Jim and Raymond sprung Mackie Ruff from the holding tank at nine that morning, with instructions from Dennison to take him out the back door. While Raymond signed the paperwork, Jim leaned against the wall and waited. A fat plainclothes that Jim vaguely remembered from his sheriff days — Tillis, he thought — walked by and looked wordlessly at him, then a glum young officer in a uniform who smiled and said, “Eat shit and die” quietly enough for only Jim to hear. His nameplate said Hoch. Two cadets glowered at him on their way past: One turned back to fix him with a look of adamant disgust.

Mackie was a short, wiry man in his mid-sixties, with a violently red face and the palest of blue, booze-bleached eyes. He wanted to wait until noon for lunch, but they promised him something better. He smelled sharply of old sweat.

“I could use a drink,” said Ruff as they walked down the steps of the station. His pants were too long, even though the cuffs were rolled up at least four times, and the stiff, filthy material scuffed as he walked.

“Maybe after breakfast,” said Ray.

“I’m hungry, boys.
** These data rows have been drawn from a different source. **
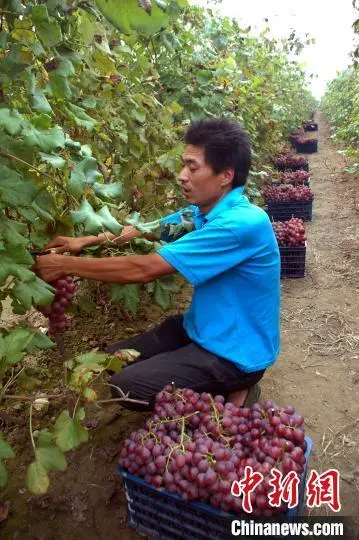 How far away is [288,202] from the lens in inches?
258

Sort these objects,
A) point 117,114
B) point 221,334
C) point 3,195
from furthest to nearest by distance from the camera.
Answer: point 117,114, point 221,334, point 3,195

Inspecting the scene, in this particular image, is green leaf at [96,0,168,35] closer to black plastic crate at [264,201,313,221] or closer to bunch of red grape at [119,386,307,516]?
bunch of red grape at [119,386,307,516]

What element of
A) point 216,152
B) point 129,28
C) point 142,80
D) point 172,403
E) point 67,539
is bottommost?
point 67,539

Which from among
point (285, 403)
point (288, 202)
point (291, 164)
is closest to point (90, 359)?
point (285, 403)

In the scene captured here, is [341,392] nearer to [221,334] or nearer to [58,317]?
[221,334]

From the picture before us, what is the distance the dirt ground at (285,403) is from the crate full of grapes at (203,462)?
0.36 m

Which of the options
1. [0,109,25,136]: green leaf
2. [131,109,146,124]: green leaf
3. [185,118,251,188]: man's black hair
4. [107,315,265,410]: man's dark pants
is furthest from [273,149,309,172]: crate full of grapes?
[0,109,25,136]: green leaf

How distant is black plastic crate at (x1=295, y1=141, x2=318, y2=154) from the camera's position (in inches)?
519

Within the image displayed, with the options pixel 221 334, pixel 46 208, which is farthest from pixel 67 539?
pixel 46 208

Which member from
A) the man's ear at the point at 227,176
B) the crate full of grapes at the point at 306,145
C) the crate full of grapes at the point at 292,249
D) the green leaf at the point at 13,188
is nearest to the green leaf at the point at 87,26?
the green leaf at the point at 13,188

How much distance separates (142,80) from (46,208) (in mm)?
2029

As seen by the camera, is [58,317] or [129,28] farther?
[58,317]

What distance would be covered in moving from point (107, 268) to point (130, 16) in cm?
117

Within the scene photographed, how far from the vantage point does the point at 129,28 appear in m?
1.16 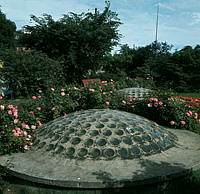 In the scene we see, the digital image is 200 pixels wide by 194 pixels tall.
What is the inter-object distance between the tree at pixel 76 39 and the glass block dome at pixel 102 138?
14.1 meters

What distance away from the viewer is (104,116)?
5.42 meters

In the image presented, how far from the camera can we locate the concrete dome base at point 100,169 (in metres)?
3.64

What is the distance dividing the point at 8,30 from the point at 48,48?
27156 millimetres

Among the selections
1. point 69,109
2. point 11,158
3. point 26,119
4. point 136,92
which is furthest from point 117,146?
point 136,92

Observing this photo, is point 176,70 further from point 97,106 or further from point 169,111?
point 97,106

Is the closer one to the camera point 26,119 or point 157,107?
point 26,119

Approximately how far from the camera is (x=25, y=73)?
11.4 m

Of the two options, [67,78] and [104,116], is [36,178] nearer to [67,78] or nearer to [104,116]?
[104,116]

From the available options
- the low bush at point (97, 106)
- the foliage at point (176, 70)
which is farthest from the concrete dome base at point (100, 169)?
the foliage at point (176, 70)


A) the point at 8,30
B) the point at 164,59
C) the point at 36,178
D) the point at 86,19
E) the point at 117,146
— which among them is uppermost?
the point at 8,30

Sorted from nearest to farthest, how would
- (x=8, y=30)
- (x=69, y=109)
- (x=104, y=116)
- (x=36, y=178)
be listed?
(x=36, y=178) < (x=104, y=116) < (x=69, y=109) < (x=8, y=30)

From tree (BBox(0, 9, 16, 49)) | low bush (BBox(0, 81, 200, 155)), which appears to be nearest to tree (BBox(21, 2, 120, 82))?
low bush (BBox(0, 81, 200, 155))

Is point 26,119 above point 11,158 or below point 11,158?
above

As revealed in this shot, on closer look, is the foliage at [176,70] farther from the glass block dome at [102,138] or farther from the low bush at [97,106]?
the glass block dome at [102,138] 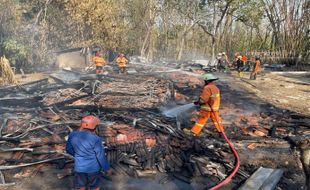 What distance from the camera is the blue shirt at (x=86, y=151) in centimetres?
421

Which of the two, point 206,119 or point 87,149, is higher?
point 87,149

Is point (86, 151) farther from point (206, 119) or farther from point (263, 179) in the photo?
point (206, 119)

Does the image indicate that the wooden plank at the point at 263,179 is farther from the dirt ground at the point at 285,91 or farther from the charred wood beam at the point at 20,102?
the charred wood beam at the point at 20,102

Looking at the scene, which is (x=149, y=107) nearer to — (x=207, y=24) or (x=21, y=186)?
(x=21, y=186)

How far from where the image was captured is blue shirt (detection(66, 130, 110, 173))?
13.8 feet

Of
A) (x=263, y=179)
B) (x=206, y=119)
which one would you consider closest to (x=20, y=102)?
(x=206, y=119)

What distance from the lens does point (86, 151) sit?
423 cm

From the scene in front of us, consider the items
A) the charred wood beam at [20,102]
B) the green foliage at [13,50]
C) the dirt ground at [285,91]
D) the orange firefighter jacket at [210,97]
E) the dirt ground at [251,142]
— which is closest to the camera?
the dirt ground at [251,142]

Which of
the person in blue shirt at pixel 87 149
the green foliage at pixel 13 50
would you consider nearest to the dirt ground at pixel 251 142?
the person in blue shirt at pixel 87 149

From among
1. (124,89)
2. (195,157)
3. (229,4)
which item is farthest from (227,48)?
(195,157)

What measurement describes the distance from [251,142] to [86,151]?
4.64m

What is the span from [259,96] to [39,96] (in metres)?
8.75

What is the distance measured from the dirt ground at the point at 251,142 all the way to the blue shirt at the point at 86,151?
3.94ft

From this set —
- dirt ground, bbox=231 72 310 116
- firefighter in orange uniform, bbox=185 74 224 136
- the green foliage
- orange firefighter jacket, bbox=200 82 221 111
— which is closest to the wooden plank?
firefighter in orange uniform, bbox=185 74 224 136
How about the Balboa Bay Club?”

“You need a tie,” said Jim.

“Only wore a tie twice in my life — when I got married and when I buried her. How’s your dad?”

“He died back in ’eighty-one.”

“I’m sorry. Nobody told me.”

Raymond glanced over at Jim. Ruff had snored in the back of the chapel during Poon’s memorial service a decade ago.

“Jake?”

“For chrissakes, Mackie, he died in the war. You cried like a baby at the funeral.”

“Shit,” he said. “I guess I’m getting old.”

“You’ve been drunk for forty years,” said Raymond.

“Never hurt my career,” he said.

“You never had one,” said Ray.

“I worked for Poon Weir ten years,” he said hotly.

It was true, thought Jim: Mackie had swept the sidewalk and crushed empty boxes for the dumpster in return for breakfast and winter nights inside. He could still remember the sight of Ruff, spindly and unbalanced, trying to stomp the stiff cardboard boxes flat while he swayed and pitched like a deckhand in a storm.

“Nice of you boys to come get me,” he said. They had stopped at Jim’s truck.

“We’ve got some questions,” said Ray. “And you’re going to give us some answers to go with breakfast. Fair?”

They ate at the Porthole, one of the few peninsula bars left that was too bleak for tourists and college kids. The Porthole opened at ten for people who liked to get an early start. There were blowfish lanterns hung from knotted ropes, a sparsely populated aquarium behind the bar, and an anthology of small sea creatures lacquered into the countertop. Mackie fitted himself to a bar stool with the ease of a lid going onto a jar, then rubbed an orange starfish with his thumb. “That’s my lucky star,” he said. “If I rub it, somebody always buys me a drink.”